JetBlue Names Martin St. George Vice President, Planning


NEW YORK, July 26, 2006 (PRIMEZONE) -- JetBlue Airways (Nasdaq:JBLU) today announces Martin St. George will join the low-fare airline effective immediately as Vice President, Planning. Mr. St. George will be responsible for the route selection, analysis, and network strategy for JetBlue, and will report to David Neeleman, JetBlue's CEO.

"Marty has a proven track record of understanding market dynamics, and how to grow and sustain a network," said David Neeleman, JetBlue's founder and CEO. "Network and capacity planning is a vital element of JetBlue's growth and continued success. Marty will work closely with our revenue management and marketing departments as we become more sophisticated and dynamic as part of our Return to Profitability plan."

"JetBlue is a story about building a true brand in a commodity business, and sustaining that brand through strategic expansion," Mr. St. George said. "I look forward to contributing to JetBlue's ongoing success." Prior to joining JetBlue, Mr. St. George was Managing Director of Marketing Planning for United Airlines, where he was integral in developing United's "p.s." service in response to changing competitive dynamics. Prior to that role, Mr. St. George held a number of positions of increasing responsibility for both United and US Airways in both the marketing and the network planning divisions. He graduated with a degree in civil engineering from the Massachusetts Institute of Technology in 1986.

David Ulmer, JetBlue's Vice President, Planning, will transition to retirement over the coming months. Mr. Ulmer is a founding JetBlue crewmember, responsible since the airline began flying in February 2000 for building JetBlue's network to 47 announced destinations, and schedule planning a fleet of 112 aircraft and growing.

"Dave's dedication to JetBlue has truly set a great foundation for our future," said David Neeleman, JetBlue's founder and CEO. "We are fortunate to have the continued benefit of Dave's insight as we transition to new leadership in such a key area of our company."

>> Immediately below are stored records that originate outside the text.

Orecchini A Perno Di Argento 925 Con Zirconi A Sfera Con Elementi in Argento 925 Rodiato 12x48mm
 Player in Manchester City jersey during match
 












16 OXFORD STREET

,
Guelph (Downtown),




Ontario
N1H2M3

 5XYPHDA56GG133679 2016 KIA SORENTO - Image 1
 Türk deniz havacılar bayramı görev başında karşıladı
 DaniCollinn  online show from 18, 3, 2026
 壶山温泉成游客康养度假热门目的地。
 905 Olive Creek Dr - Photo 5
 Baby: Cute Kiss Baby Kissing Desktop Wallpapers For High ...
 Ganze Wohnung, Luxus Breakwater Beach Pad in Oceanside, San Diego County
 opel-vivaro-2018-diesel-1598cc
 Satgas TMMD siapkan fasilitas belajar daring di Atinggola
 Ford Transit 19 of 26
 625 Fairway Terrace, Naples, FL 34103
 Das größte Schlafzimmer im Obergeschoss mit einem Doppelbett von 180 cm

In the six years since its launch, JetBlue Airways has focused on creating a new airline category -- an airline that offers value, service and style. Based out of New York City, the low-cost carrier currently serves 41 destinations with more than 440 flights daily. Onboard JetBlue, customers enjoy roomy leather seats and 36 channels of free DIRECTV(r) programming (a), the most live TV available on any airline. On flights longer than two hours, a selection of first-run movies and bonus features from FOX InFlight(tm) is also available. JetBlue offers customers generous brand name snacks and beverages, including freshly brewed Dunkin' Donuts(r) coffee, and delicious wines selected by the airline's Low Fare Sommelier, Josh Wesson from Best Cellars(r). On overnight flights from the West, the airline now offers Shut-Eye Service(tm), with a Shut-Eye Kit(tm) designed exclusively for JetBlue by Bliss Spa and other special amenities including a "good morning" hot towel service. With JetBlue, all seats are assigned, all travel is ticketless, all fares are one-way, and an overnight stay is never required. For information or reservations call 1-800-JETBLUE (1-800-538-2583) or visit www.jetblue.com.

(a) DIRECTV(r) service is not available on flights outside the continental United States; however, where applicable FOX InFlight(tm) is offered complimentary on these routes. FOX InFlight(tm) is a trademark of Twentieth Century Fox Film Corporation. JetBlue's in-flight entertainment is powered by LiveTV, a wholly owned subsidiary of JetBlue.

The JetBlue logo is available at http://www.primezone.com/newsroom/prs/?pkgid=795

This press release contains statements of a forward-looking nature which represent our management's beliefs and assumptions concerning future events. Forward-looking statements involve risks, uncertainties and assumptions, and are based on information currently available to us. Actual results may differ materially from those expressed in the forward looking statements due to many factors, including, without limitation, our extremely competitive industry; increases in fuel prices, maintenance costs and interest rates; our ability to implement our growth strategy, including the integration of the EMBRAER 190 aircraft into our operations; our significant fixed obligations; our ability to attract and retain qualified personnel and maintain our culture as we grow; our reliance on high daily aircraft utilization; our dependence on the New York metropolitan market; our reliance on automated systems and technology; our reliance on a limited number of suppliers; changes in or additional government regulation; changes in our industry due to other airlines' financial condition; and external geopolitical events and conditions. Further information concerning these and other factors is contained in the Company's Securities and Exchange Commission filings, including but not limited to, the Company's 2005 Annual Report on Form 10-K and Quarterly Reports on Form 10-Q. We undertake no obligation to update any forward-looking statements to reflect events or circumstances that may arise after the date of this release.